Giunti oramai alla settima release in studio, i
Revocation del guitar hero Dave Davidson escono oggi con questo nuovo
"The Outer Ones" per
Metal Blade e ancora una volta danno prova di possedere una vena creativa apparentemente inesauribile: che sia merito delle straordinarie abilità tecniche della band, della conoscenza quasi maniacale della materia musicale tutta di Davidson o semplicemente di un dono innato non lo so, fatto sta che dopo numerosi e reiterati ascolti possiamo affermare senza timore che i Revocation hanno fatto nuovamente centro.
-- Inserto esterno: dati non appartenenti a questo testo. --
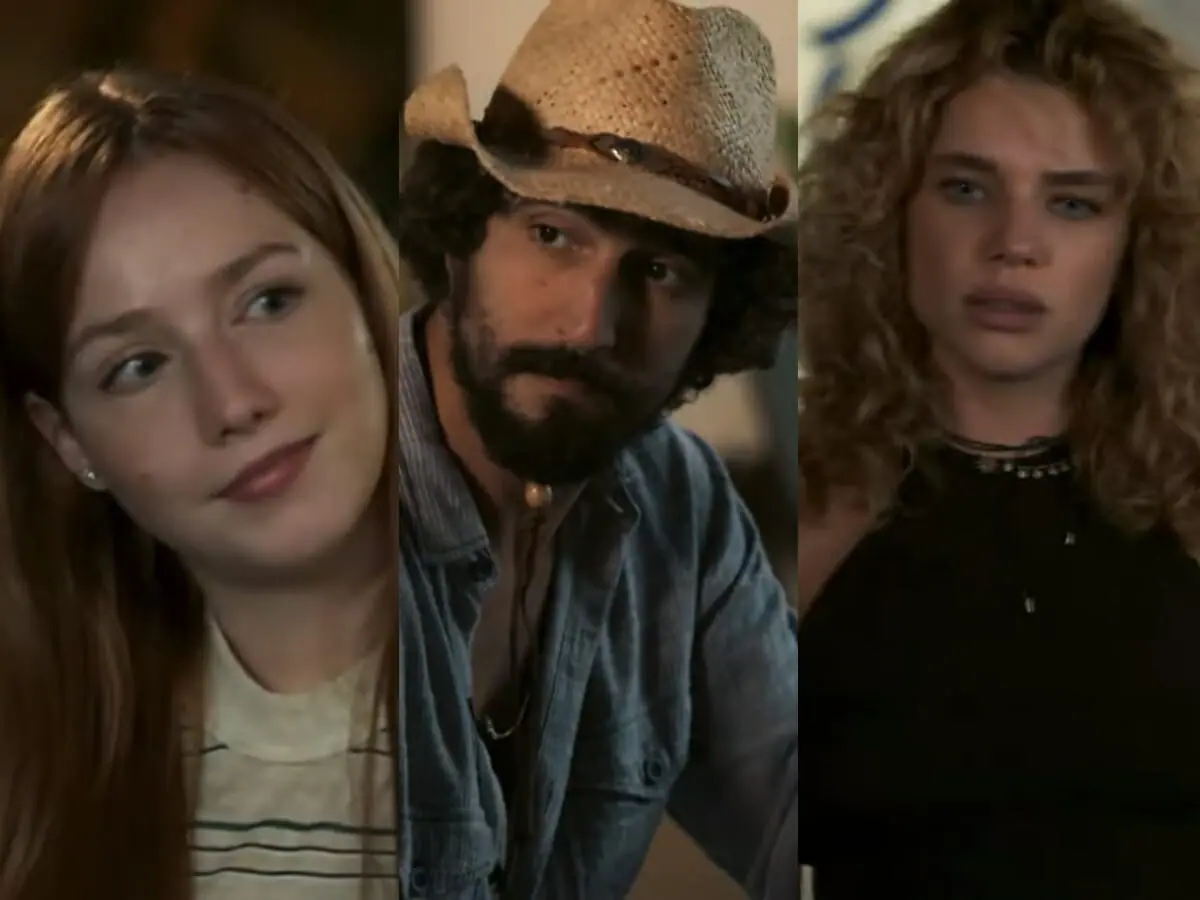 Irma (Malu Rodrigues), José Leôncio (Renato Goés) e Madeleine (Bruna Linzmeyer) de Pantanal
Da un punto di vista stilistico, "The Outer Ones" non apporta grandi innovazioni rispetto a quanto fatto dal gruppo nel recente passato e ci spara nelle orecchie 48 minuti di thrash/death metal ad alto tasso tecnico ma mai autocelebrativo, variegato nelle atmosfere che riesce ad evocare e sempre più appagante ascolto dopo ascolto: il cesellato lavoro di chitarre, ricco di influenze provenienti anche al di fuori dell'ambito strettamente metal, si fa apprezzare mano a mano che gli ascolti del disco si susseguono ed è possibile apprezzare sempre nuovi dettagli, mentre il lavoro dietro alle pelli di Ash Pearson ancora una volta si segnala per fantasia, dinamica e gusto. Diventa praticamente impossibile con brani come la terremotante "Of Unworldy Origin", "That Which Consumes All Things", la titletrack o "Luciferous" non rimanere incantati dai continui cambi di tempo, dalle melodie che comunque rappresentano una parte importante della musica dei Revocation, dai brek che inducono ad un headbanging sfrenato o dagli assoli sempre gustosi di Davidson e Gargiulo, qui somministratici in perfetto equilibrio. Perfino quando i tempi si fanno meno serrati in "A Starless Darkness" la band riesce a mantenere viva l'attenzione dell'ascoltatore ed è capace ricreare un mood cupo ed opprimente senza soffocare l'ascoltatore.
"The Outer Ones" è l'ennesima riprova che i Revocation sono senza dubbio tra le formazioni più longeve ed interessanti del nuovo millennio: il futuro della nostra musica passa da questi ragazzi, e personalmente mi sento di dire che siamo in una botte di ferro.